San Antonio researchers are playing a key role in understanding the mysteries that abound in the final frontier: space.
A livestreamed web event hosted by local tech advocacy group Tech Bloc on Thursday evening featured San Antonio and Texas scientists who are studying everything from faraway planets in other solar systems to Earth’s moon.
The event virtually brought together engineers and scholars from NASA, the Southwest Research Institute (SwRI), and the University of Texas at San Antonio.
“I think it’s important to understand that Texas has had a long history in the aerospace industry,” said Dirk Elmendorf, co-chair of Tech Bloc’s board. “San Antonio has really played a long role in that world.”
Speakers discussed key projects that San Antonio and Texas scientists are a part of, such as two SwRI projects to build tools that will help scientists learn more about Jupiter’s moons and a Houston-based NASA project to build a space station that will orbit Earth’s moon.
Kurt Retherford, a planetary scientist at SwRI, explained how the local institute is playing a central role in learning more about several of Jupiter’s natural satellites.
SwRI is overseeing two projects that will aid in the study of the larger moons of Jupiter, a gas giant that has 79 known moons.
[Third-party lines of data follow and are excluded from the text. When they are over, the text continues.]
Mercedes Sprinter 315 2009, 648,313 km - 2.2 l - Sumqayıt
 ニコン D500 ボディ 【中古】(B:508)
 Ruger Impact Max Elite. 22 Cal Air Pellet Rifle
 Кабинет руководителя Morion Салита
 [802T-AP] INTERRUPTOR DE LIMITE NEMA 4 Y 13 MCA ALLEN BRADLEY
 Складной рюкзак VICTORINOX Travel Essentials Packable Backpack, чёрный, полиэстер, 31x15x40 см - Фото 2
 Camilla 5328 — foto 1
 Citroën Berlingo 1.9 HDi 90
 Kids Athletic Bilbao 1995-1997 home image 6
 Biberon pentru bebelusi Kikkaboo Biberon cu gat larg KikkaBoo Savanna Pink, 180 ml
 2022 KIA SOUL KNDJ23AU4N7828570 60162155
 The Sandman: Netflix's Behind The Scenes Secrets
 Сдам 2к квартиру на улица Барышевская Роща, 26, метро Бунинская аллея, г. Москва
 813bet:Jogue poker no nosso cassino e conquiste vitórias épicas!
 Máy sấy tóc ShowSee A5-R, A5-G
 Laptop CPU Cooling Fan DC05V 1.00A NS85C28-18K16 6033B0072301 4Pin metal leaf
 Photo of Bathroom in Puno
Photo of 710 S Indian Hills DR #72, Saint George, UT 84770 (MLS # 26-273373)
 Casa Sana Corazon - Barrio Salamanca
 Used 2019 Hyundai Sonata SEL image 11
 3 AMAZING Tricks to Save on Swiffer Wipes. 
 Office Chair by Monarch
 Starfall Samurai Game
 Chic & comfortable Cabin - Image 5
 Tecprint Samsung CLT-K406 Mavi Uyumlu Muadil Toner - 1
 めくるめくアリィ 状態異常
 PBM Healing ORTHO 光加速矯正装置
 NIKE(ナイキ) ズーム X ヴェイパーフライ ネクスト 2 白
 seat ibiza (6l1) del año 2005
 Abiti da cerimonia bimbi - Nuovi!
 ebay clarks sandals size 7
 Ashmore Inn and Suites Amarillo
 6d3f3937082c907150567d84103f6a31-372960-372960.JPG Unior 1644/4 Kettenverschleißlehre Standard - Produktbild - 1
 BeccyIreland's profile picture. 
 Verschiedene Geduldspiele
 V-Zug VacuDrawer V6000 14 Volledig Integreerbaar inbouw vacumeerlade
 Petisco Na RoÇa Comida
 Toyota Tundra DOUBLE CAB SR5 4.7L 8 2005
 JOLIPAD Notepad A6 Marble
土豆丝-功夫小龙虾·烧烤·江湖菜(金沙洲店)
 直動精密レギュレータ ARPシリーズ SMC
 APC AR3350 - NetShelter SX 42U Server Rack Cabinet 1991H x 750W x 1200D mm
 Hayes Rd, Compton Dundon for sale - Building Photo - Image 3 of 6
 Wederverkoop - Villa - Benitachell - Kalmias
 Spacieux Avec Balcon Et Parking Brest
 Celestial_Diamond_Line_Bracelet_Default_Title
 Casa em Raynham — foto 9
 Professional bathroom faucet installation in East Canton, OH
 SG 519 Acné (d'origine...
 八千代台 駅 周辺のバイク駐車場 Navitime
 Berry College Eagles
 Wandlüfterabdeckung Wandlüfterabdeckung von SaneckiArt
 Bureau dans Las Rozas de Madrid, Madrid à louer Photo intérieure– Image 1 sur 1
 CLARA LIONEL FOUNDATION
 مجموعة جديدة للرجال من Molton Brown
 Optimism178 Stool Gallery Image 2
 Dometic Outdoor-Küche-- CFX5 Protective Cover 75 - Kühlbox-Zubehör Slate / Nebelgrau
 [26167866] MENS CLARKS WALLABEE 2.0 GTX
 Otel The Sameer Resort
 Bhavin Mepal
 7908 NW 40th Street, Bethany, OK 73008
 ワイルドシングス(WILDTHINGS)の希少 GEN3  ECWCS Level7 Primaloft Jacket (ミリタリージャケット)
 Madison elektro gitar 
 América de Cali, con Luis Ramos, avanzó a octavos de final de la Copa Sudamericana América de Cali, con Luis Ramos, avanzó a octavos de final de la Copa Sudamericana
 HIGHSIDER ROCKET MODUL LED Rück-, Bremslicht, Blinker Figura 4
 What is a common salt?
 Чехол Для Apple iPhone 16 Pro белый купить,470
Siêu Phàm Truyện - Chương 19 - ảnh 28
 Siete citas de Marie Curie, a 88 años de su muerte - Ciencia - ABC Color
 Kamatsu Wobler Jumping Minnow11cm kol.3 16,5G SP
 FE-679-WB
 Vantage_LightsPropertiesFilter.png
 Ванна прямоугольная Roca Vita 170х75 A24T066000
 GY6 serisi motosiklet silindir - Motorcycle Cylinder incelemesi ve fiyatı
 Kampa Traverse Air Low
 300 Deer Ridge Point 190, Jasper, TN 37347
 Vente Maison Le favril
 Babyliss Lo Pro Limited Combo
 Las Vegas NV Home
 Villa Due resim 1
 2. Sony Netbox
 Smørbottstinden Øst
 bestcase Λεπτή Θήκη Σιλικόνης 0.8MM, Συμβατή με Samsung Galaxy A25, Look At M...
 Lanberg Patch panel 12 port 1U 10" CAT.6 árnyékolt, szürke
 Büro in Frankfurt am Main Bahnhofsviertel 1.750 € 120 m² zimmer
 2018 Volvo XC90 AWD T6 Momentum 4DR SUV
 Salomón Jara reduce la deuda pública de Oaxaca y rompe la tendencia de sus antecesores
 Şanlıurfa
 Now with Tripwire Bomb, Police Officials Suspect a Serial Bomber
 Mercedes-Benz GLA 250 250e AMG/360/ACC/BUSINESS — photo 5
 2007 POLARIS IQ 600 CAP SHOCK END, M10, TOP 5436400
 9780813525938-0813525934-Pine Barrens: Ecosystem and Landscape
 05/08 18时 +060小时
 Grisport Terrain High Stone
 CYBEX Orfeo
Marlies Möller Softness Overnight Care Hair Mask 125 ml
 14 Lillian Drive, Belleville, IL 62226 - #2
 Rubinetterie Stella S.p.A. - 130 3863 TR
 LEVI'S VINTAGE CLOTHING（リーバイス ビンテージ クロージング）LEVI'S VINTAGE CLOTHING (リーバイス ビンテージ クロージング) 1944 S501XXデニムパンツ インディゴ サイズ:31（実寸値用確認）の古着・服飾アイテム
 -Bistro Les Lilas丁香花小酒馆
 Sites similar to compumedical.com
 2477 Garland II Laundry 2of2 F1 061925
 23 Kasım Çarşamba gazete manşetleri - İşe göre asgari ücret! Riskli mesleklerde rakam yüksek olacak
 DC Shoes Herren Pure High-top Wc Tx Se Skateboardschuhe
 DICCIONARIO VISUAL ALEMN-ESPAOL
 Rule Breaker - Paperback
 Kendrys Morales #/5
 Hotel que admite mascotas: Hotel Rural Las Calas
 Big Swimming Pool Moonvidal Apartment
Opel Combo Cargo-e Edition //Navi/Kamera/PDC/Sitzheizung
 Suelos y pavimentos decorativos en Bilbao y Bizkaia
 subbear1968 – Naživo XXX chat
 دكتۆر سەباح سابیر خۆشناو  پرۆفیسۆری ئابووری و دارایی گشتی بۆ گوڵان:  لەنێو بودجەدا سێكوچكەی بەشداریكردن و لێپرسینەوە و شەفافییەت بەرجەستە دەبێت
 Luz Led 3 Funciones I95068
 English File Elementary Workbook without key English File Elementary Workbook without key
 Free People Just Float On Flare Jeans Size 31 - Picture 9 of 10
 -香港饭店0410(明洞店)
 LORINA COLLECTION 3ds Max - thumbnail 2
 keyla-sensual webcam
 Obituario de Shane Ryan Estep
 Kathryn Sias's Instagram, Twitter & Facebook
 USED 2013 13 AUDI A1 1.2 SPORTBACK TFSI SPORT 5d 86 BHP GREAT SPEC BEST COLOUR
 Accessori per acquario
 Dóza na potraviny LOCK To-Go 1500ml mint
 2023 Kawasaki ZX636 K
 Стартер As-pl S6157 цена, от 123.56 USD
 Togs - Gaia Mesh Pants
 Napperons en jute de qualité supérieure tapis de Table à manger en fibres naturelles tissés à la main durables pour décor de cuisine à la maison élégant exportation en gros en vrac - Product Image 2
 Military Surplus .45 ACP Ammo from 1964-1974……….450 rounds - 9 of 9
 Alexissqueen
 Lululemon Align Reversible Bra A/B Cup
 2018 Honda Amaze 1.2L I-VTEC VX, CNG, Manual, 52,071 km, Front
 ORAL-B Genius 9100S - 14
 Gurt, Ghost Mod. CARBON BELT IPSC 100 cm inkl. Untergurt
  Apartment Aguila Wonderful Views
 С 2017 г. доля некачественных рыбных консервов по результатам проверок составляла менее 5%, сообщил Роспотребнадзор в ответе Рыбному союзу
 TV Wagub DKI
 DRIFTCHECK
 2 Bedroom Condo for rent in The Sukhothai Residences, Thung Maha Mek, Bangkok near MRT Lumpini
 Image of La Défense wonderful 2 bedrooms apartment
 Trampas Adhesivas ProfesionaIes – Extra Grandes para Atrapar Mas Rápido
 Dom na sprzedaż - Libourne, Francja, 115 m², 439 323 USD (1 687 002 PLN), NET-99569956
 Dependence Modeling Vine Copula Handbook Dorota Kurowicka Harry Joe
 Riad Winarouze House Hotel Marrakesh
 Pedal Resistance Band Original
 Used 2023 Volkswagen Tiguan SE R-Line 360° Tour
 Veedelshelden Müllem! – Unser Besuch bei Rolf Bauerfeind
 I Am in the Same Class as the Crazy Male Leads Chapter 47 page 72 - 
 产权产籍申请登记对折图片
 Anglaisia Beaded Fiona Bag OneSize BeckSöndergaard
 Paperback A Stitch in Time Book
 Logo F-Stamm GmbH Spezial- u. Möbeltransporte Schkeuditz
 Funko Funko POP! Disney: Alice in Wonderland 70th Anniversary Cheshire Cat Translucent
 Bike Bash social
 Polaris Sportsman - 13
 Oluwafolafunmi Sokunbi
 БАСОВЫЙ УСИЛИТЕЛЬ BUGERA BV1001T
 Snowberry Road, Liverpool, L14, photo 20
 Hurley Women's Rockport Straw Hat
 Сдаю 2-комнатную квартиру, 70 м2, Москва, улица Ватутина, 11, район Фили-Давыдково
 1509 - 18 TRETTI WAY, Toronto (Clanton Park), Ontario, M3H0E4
Retherford is one of the leading scientists on these projects.
One involves constructing the Europa Ultraviolet Spectrograph, which will observe the icy moon Europa; the other project, the JUICE Ultraviolet Spectrograph, will study Europa and Ganymede. A spectrograph is a device that splits light into different wavelengths or colors and helps tell scientists the chemical makeup of an object.
“The neat thing is the [Europa Ultraviolet Spectrograph] is being built right here in San Antonio,” Retherford said.
Using the spectrograph, the scientists will aim to confirm the suspected geysers of water spouting from Europa’s surface, its atmospheric makeup, and get a close-up view of its surface.
Launching in 2024, the spectrograph will be aboard NASA’s Europa Clipper mission. The Clipper, which will carry nine specialized instruments including the spectrograph, will do a series of Europa flybys while orbiting Jupiter.
The Clipper’s journey will take between two and six years, depending on several factors, Retherford said.
The JUICE Ultraviolet Spectrograph will provide a variety of observations of Jupiter and a handful of its moons. It will read ultraviolet light to help tell scientists more about Jupiter and its moons’ atmospheres, surfaces, and chemistry, as well as more about Ganymede’s aurora lights.
Retherford and his team are working with the European Space Agency – the European equivalent of NASA – on the JUICE project, which is set to launch in 2022 but is expected to take seven to eight years to reach Jupiter.
“They’re expected to get to the system around the same time,” he said of both missions. “So it’s going to be great to be involved in both NASA’s mission and the European mission at the same time.”
Both missions will help researchers learn about Jupiter and its moons and whether they could potentially support life, Retherford said.
NASA Gateway Production Manager Jon Olansen joined the event to discuss how NASA scientists in Houston are making significant headway as they prepare to launch the Artemis Program, the next series of missions to the moon starting in 2024 that will prepare astronauts for traveling to Mars.
Olansen oversees the Gateway Project, a space station NASA is launching in 2023 to orbit the moon. This space station will act as a common stopover and safe haven for astronauts heading to the moon’s surface through the Artemis Program.
In preparation for the Artemis Program and further Mars exploration, NASA scientists in Houston have had to perfect automated precision landing, advanced communication, and in-space manufacturing and refueling.
“It really sets us up … with the technologies and the capabilities to go pursue exploration – human exploration – of Mars,” Olansen said.